Transitioning with ease from one place to another has been challenging for me. In the past, it can be best described as a death grip on the edge of a cliff, mouth agape, with each finger being plunked free until I was forced to freefall, flailing ungracefully onward.
There was no peace in the fuzzy space of in-between but rather, a panicked clenching to action plans to make something, anything materialize. I wanted stuff settled and known so that I could feel ok on solid ground again. No amount of willful force made this time go any faster.
Well, lately, it’s been easier to straddle the transition. I can only describe it as a colleague recent's comment about “comfortable with the uncomfortable” while training for the 50 triathlons that he’s participated in.
I’ve noticed that when I’m in transition for a while, it’s because I’ve not learned whatever it was I supposed to get....the answer about how to move forward hadn’t been received because I wasn't ready to leave it, despite wanting to do so badly.
So, for me, the in-between time has become the “ribbons” around the gift. Some ribbons were knotted pretty crazily and while it took some time to untie and unwind them (the root cause of my suffering) they always gave me a gift of unimagined magnitude.
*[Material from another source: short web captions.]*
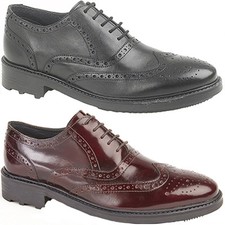 Black oxblood leather brogues - black,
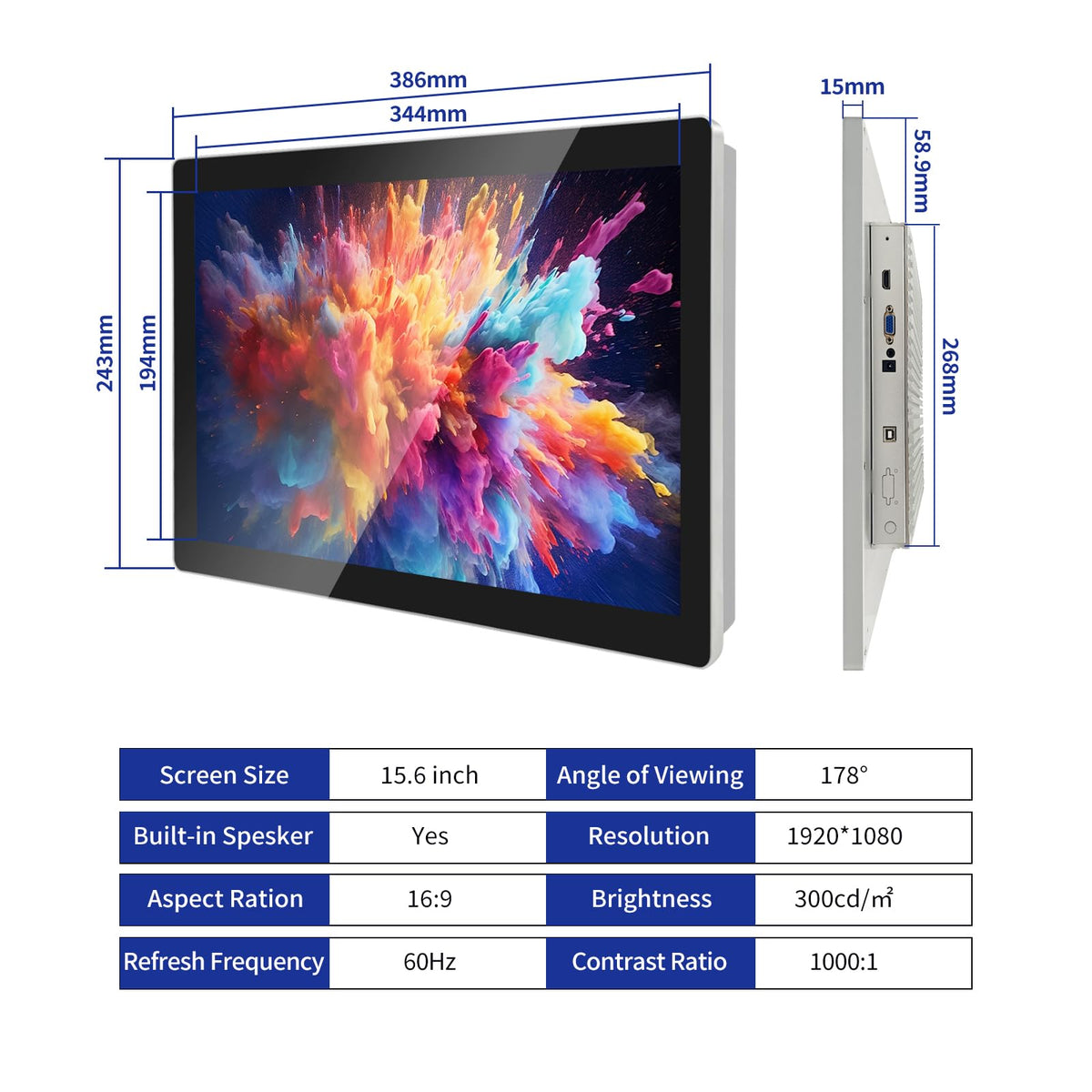 Tokigns 21.5 Inch Capacitive Multi-Touch Screen Industrial Monitor, 16:9 FHD Display 1920 x 1080P, Built-in Speakers, USB, VGA& HD Ports, Digital Signage Displays and Player for Advertising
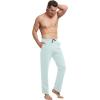 imagebaleaf Mens Sweatpants Casual Lounge Cotton Pajama Yoga Pants Open Bottom Straight Leg Male Sweat Pants with PocketsAlight Blue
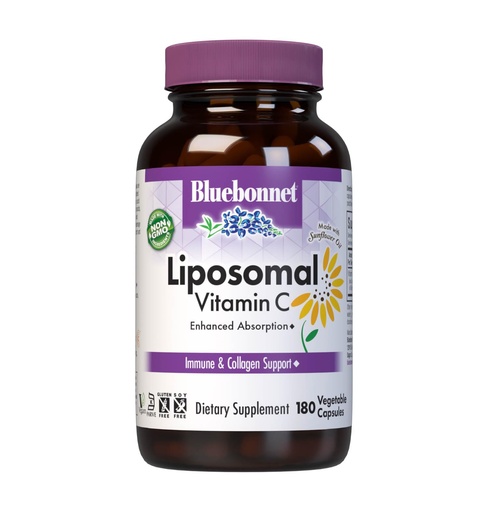 [BRSRMGQLBANBMHLB] BlueBonnet Nutrition Liposomal Vitamin C 1000 mg, Made with Sunflower Oil, Immune & Joint Comfort*, Vegan, Kosher, Non-GMO, Gluten-Free, Soy-Free Milk-Free, 180 Vegetable Capsules, 90 Servings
Lemme just say I’ve got a lot of ribbons around me feet because I’ve learned to shut up, be still, learn the deep seated lesson that the messiness unease was giving to me. It has ended up being the most critical part of moving onward to something better because something essential has changed in my deepest seated core.
It’s a bit different than passively waiting for something to pass – it’s more like being acutely aware of the broken glass I’m standing on, but not squirming around in it. I know now that the discomfort is finite and that I WILL get something outta of it.
It’s also been interesting to note that I sometimes relearn a different aspect of the same gift as time goes on…I guess I wasn’t ready to learn the lesson all at once the first time so I’ve gotten to be ok with repeat visits.
What’s even more interesting to me is that I no longer wish for scissors to cut the ribbon away – I guess it’s not my path for an easy, clean, fast way out of things because I needed to learn to love the messy stuff just as much as the sunny side of things.
My reminders while straddling the in-between space:
- May I live like the lotus, at ease in the muddy water. Unknown
- Music is the space between the notes. Claude Debussy.